Data Breach at Digital Ocean - bartkappenburg
https://imgur.com/gallery/fKuMpQB
======
shawncampbell
Text of email from DO:

> Hi there,

>Yesterday we learned that a DigitalOcean-owned document from 2018 was
unintentionally made available via a public link. This document contained your
email address and/or account name (the name you gave your account at sign-up)
as well as some data about your account that may have included Droplet count,
bandwidth usage, some support or sales communications notes, and the amount
you paid during 2018. After a detailed review by our security team we
identified it was accessed at least 15 times before the document was taken
down.

>Our community is built on trust, so we are taking steps to make sure this
doesn’t happen again.
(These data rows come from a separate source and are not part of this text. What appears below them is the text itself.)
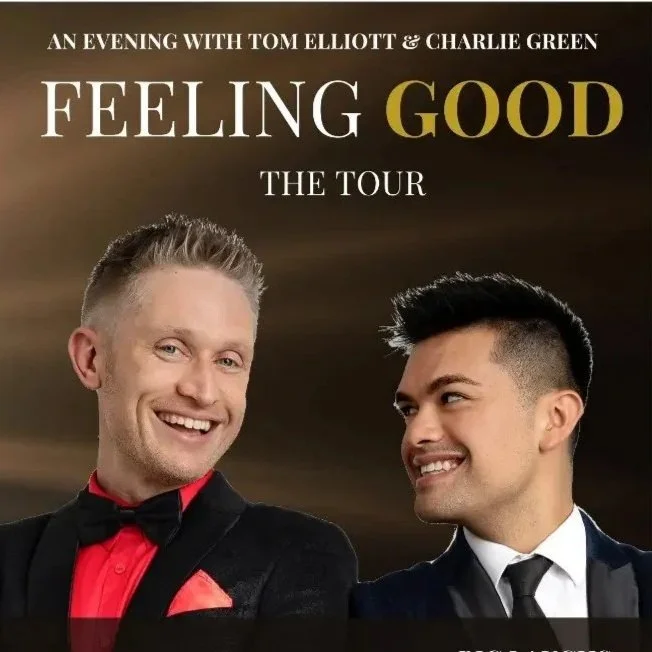 Feel Good Tour - Tom Elliot and Charlie Green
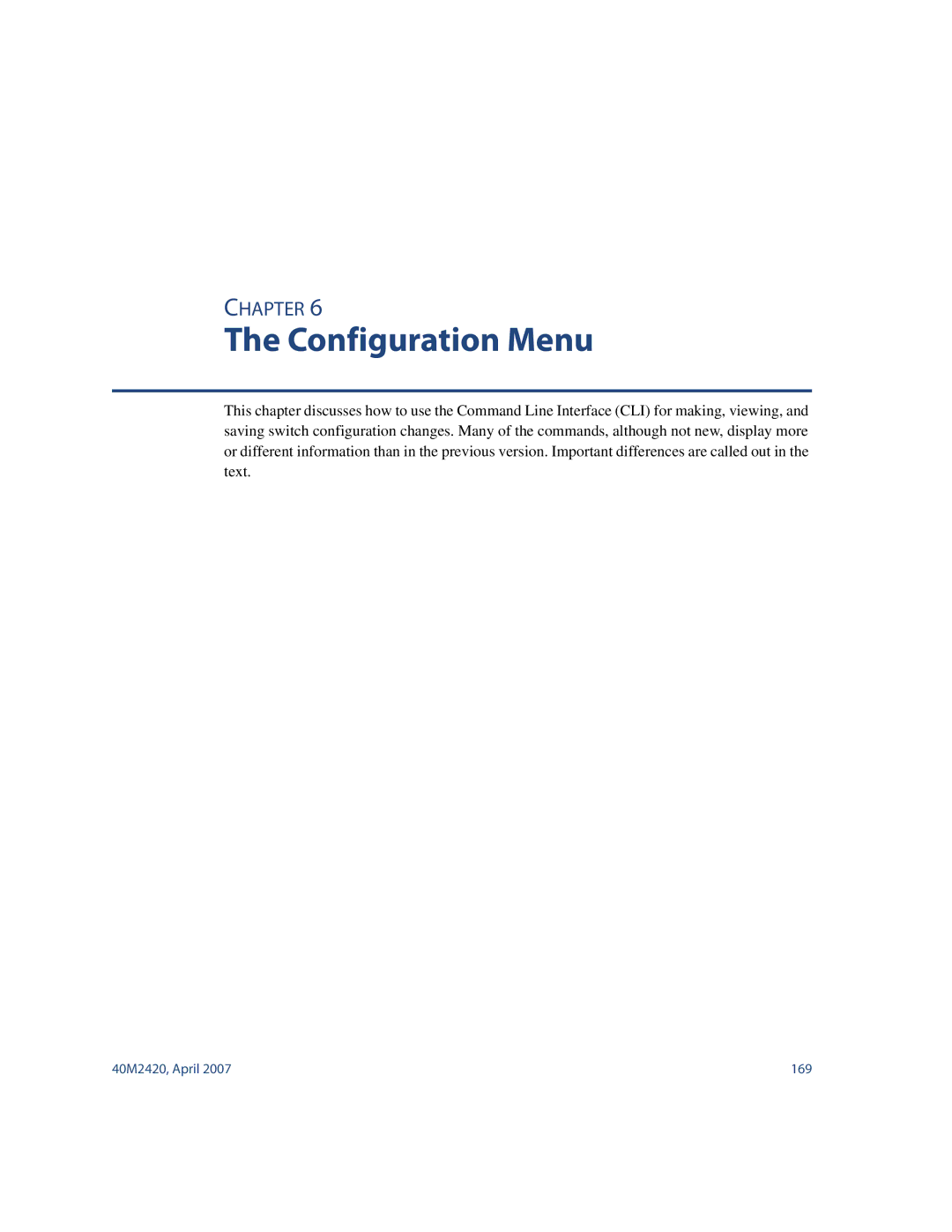 Nortel Networks 40M2420 manual Configuration Menu 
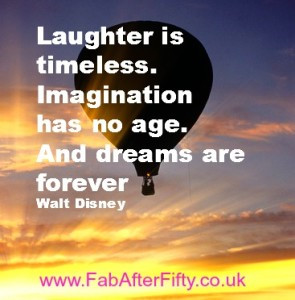 Laughter is timeless. Imagination has no age. Dreams are forever ...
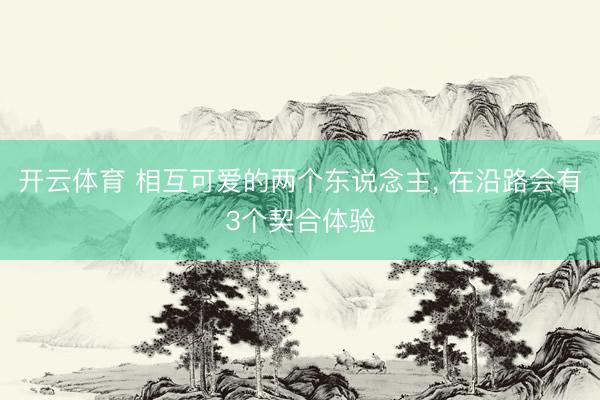 开云体育 相互可爱的两个东说念主， 在沿路会有3个契合体验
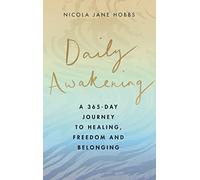 Daily Awakening - Nicola Jane Hobbs - Little Brown Book Group - Livre en Anglais - Hardback Nicola Jane HobbsNicola Jane Hobbs (Auteur)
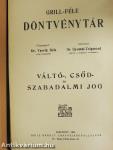 Váltó-, csőd- és szabadalmi jog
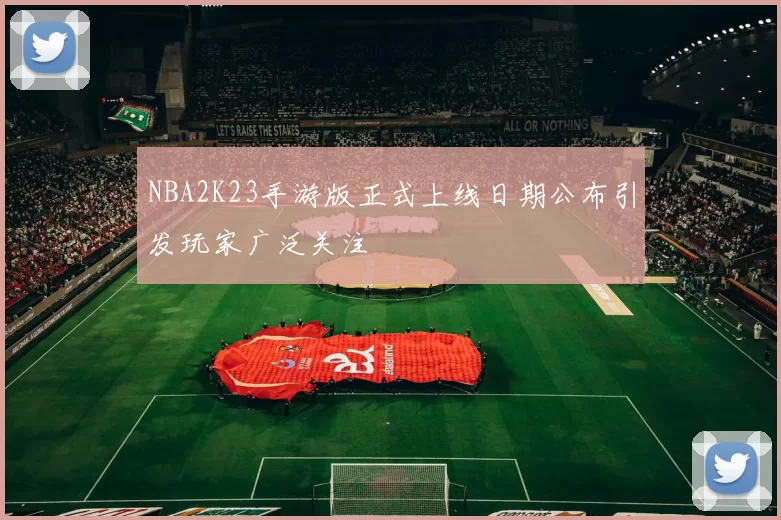 NBA2K23手游版正式上线日期公布引发玩家广泛关注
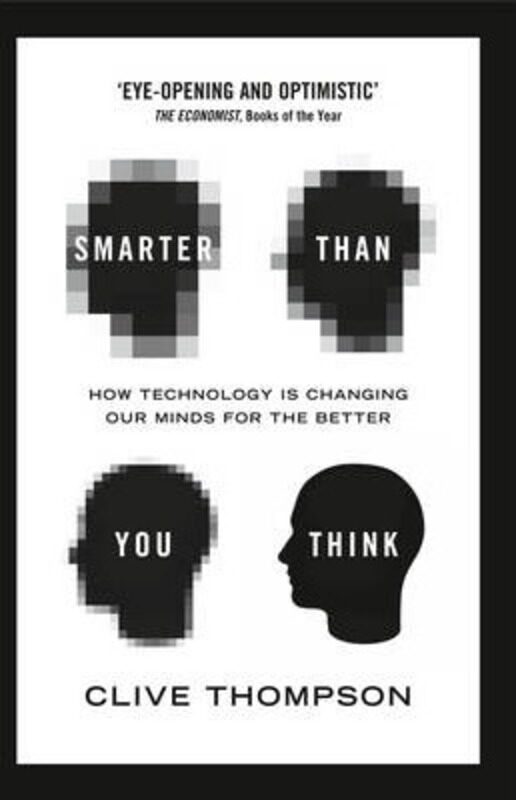 

Smarter Than You Think: How Technology is Changing Our Minds for the Better.paperback,By :Clive Thompson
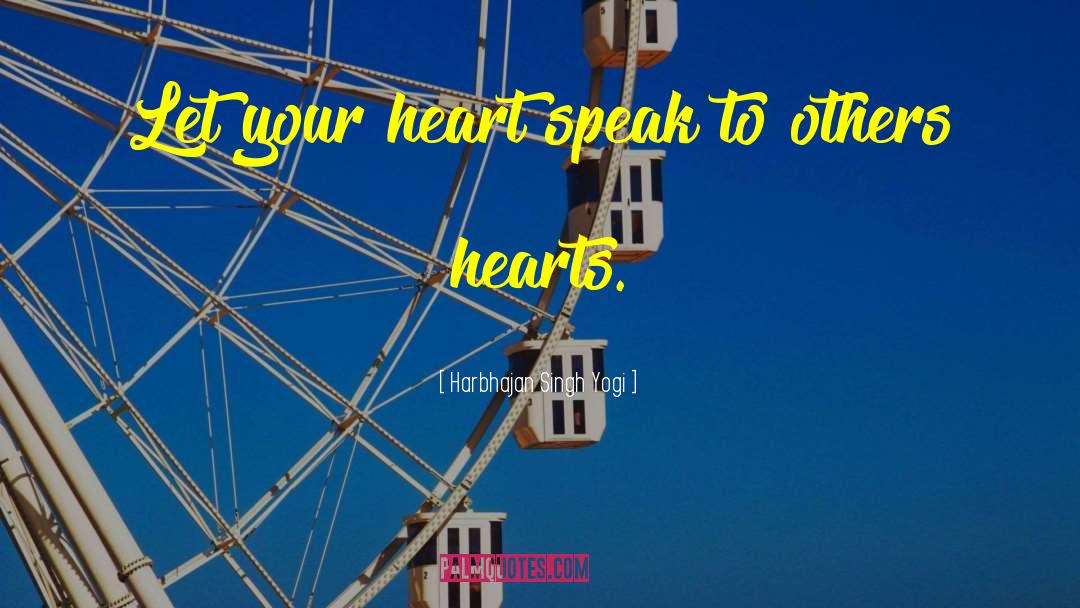 Harbhajan Singh Yogi Quotes: Let your heart speak to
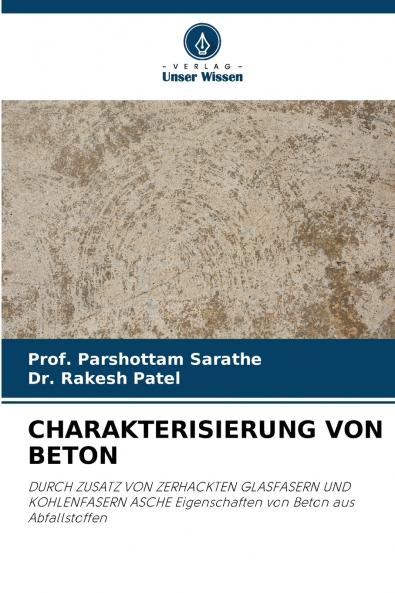 CHARAKTERISIERUNG VON BETON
We will be educating our employees on protecting
customer data, establishing new procedures to alert us of potential exposures
in a more timely manner, and making configuration changes to prevent future
data exposure.

>We believe in holding ourselves accountable to our customers and that
includes when we make mistakes. While we can assure you that your Droplets and
other systems you run on our platform have not been impacted by this mistake,
we are committed to being transparent anytime we feel your data has been used
in a way that does not align with our values.

>We welcome the opportunity to talk through any questions or concerns you may
have — just reply to this email.

>Thank you, Trust @ DigitalOcean

------
dud3z
I just received the same and i would have much appreciated if they also shared
the actual data with us, only MY OWN data obviously :)